_Action item:_
Go to the line containing "Romwe Black Striped" in the records below and print it and every following line exactly, on through the line containing "Mustard Yellow Patola", then stop.

_Given information:_

##############################

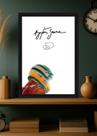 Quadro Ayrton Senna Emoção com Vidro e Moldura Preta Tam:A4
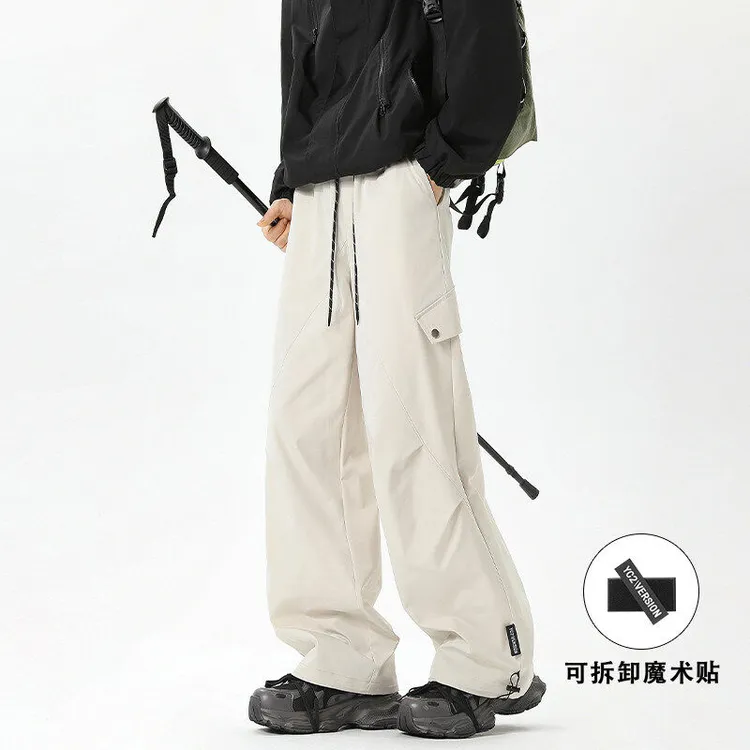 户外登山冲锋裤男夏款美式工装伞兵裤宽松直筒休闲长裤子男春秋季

##############################

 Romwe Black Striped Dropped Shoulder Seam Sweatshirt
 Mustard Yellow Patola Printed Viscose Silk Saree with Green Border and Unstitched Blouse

##############################

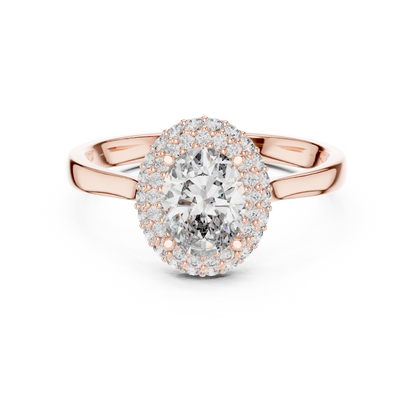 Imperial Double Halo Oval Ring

##############################

_Solution to this task:_
 Romwe Black Striped Dropped Shoulder Seam Sweatshirt
 Mustard Yellow Patola Printed Viscose Silk Saree with Green Border and Unstitched Blouse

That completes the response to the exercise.